Capítulo 52: O Tio Desajeitado
Capítulo 52 – O Tio Esquisito
Comparado a um carro esportivo, o Audi A4 não possuía um desempenho tão impressionante, mas, graças à habilidade de Chen Haotian, que conseguia transformar um Chery em um BMW, esse A4, de placa AN A96963, parecia ter criado asas. Mesmo na terceira estrada de circunvalação, onde o limite era 80, ele chegou a 200 por hora, como se estivesse possuído pela loucura.
No meio do tráfego, alguns motoristas surpresos notaram uma sombra negra zunindo à sua frente e, quando olharam de novo, nem o rastro do carro conseguiam ver, achando terem tido uma alucinação.
“Caramba, aquele era um Audi A4? Teve a audácia de ultrapassar o meu Ferrari?” Um jovem de camiseta preta justa e cabelo verde mascava chiclete e, num impulso, pisou no acelerador para perseguir.
No banco do passageiro do Ferrari estava uma jovem de olhos brilhantes e dentes alvos, vestida com um vestido branco. O cabelo delicado amarrado por um lenço amarelo caía suavemente sobre o peito direito, a pele macia e o rosto sereno, de uma pureza natural, como uma flor de lótus nascida da água, fazendo qualquer um exclamar “uma verdadeira ninfa”.
Ao seu lado, o rapaz de cabelo verde parecia ainda mais sem classe.
“Yulei, para de falar palavrão”, a jovem franziu ligeiramente as sobrancelhas e disse suavemente, “não force, você não vai alcançar aquele carro”.
O sangue quente de Yulei congelou de imediato, como uma bola murcha, tirando o pé do acelerador.
“Quando chegarmos ao salão de beleza, tinja o cabelo. Agora que está na faculdade, não pode mais agir como um delinquente.” A voz doce da jovem soou como um trovão nos ouvidos de Yulei.
“Irmã, entendi.” Yulei estava insatisfeito, mas não ousou retrucar.
“Espero que realmente entenda. Dias atrás, mais de dez membros de gangues de corrida morreram numa só noite. Até agora, a polícia não deu explicação. Você sabe disso?” Ela pousou delicadamente uma revista no colo, virou a cabeça e perguntou calmamente.
“Irmã, embora eu goste de carros, não faço parte dessas gangues”, respondeu Yulei, cabisbaixo e sincero.
“Que bom que não está envolvido. Seja mais contido também. Neste mundo, há muitas pessoas com quem não se pode mexer. Um deslize e pode acabar em tragédia. Viver já é uma bênção, aprenda a valorizar.” A jovem suspirou suavemente, e seus olhos claros pareciam um lago sem vento...
Na terceira estrada, acelerando a 200 por hora, Chen Haotian não estava querendo se exibir. Ele corria porque tinha pressa e queria praticar. Algumas habilidades, se não usadas por muito tempo, enferrujam, e pode ser tarde para praticar quando se precisa delas.
Ao chegar à primeira circunvalação, Chen Haotian diminuiu o ritmo. No estacionamento do Hospital Popular, conferiu o relógio: do Grupo Yumu até ali tinha levado treze minutos.
“Demorei mais do que deveria. Acho que andei muito relaxado nesses dois anos”, murmurou consigo mesmo. Ao chegar ao portão oeste, viu Ding Ding esperando, visivelmente nervosa.
Ding Ding usava a mesma roupa de dois dias antes, o que deixou Chen Haotian curioso: será que ela só tinha essa roupa?

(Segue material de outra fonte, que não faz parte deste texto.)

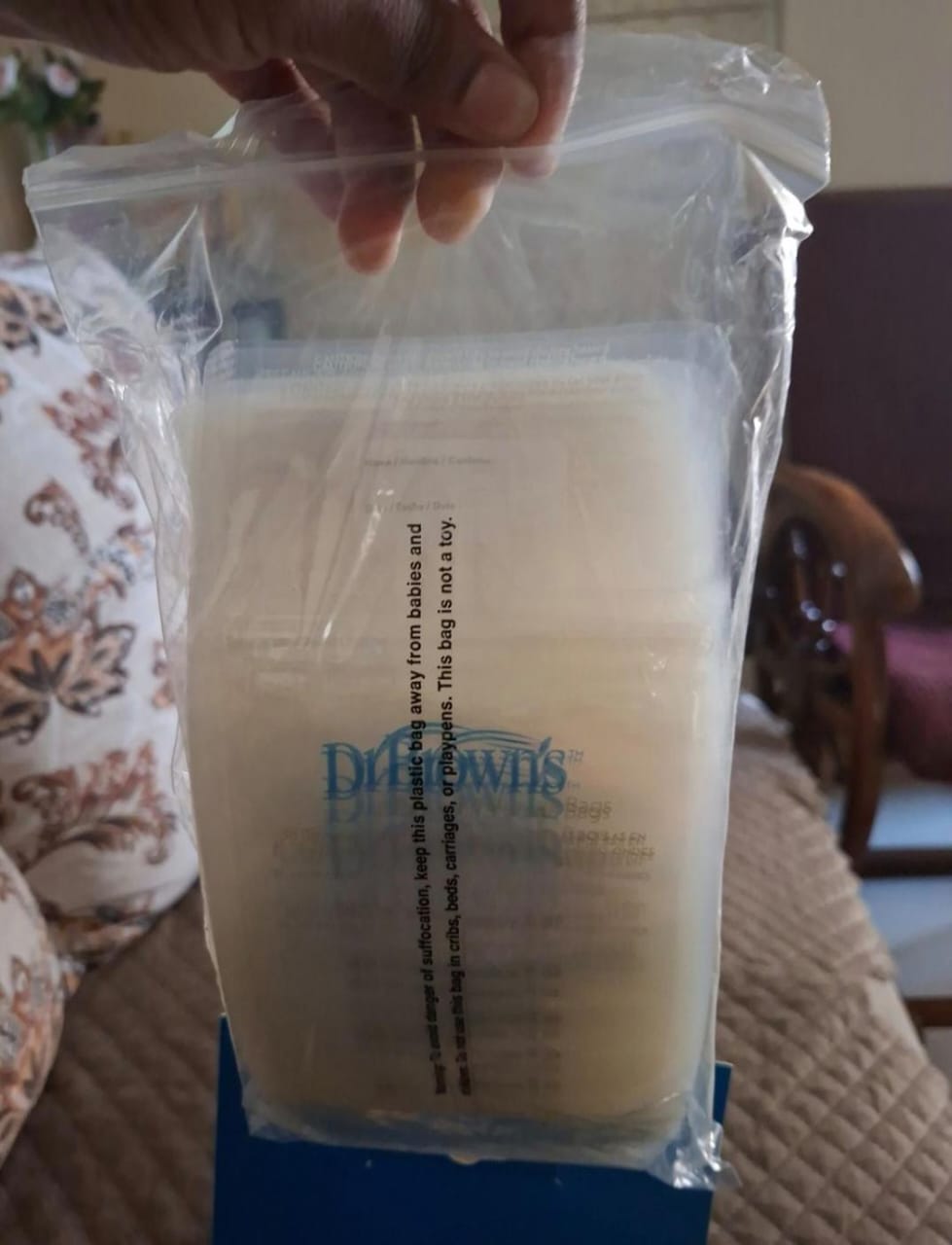 Leak proof breast milk storage bags Dr Browns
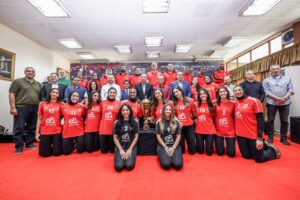 مجلس الأهلى يحتفى بـسيدات الطائرة بعد التتويج بلقب إفريقيا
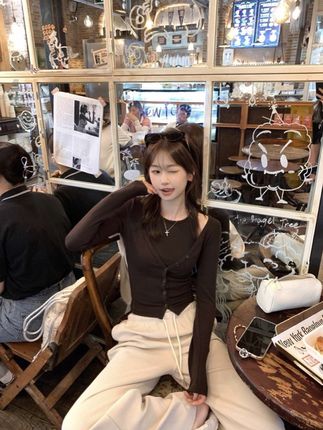 焦糖拿铁背心小开衫两件套C 9368#早秋穿搭 #小众设计感 #纯欲风 #显瘦穿搭 #穿出你的时尚你的感觉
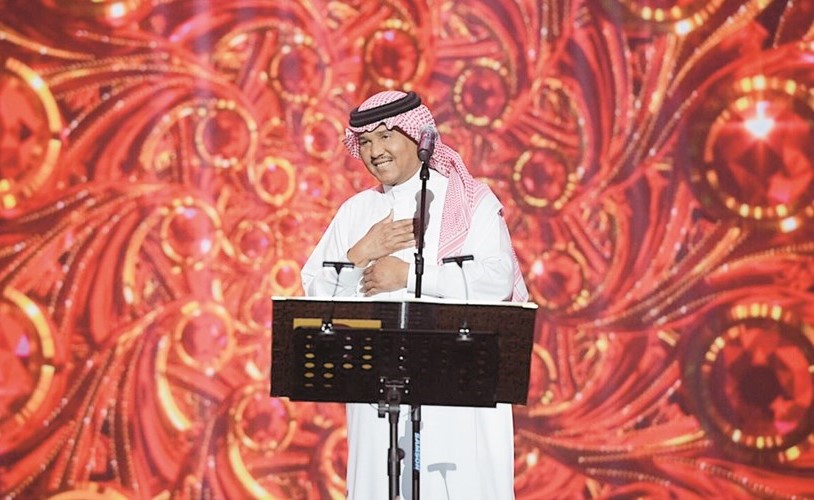 «فنان العرب» يطرب 3 آلاف في «أبها»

“Esperou muito?” Ele deu um tapinha no ombro dela.
“Ah!” Ding Ding levou um susto, pulou para trás e, ao ver que era ele, levou a mão ao peito, ainda assustada: “Chen, quase me matou do coração!”
“Só com isso? Você é mesmo corajosa”, brincou ele. “Afinal, o que houve para ter que conversar aqui embaixo?”
Mordendo o lábio, Ding Ding hesitou e finalmente disse: “Chen, logo depois que você saiu, minha mãe acordou. Ela quer ver você.”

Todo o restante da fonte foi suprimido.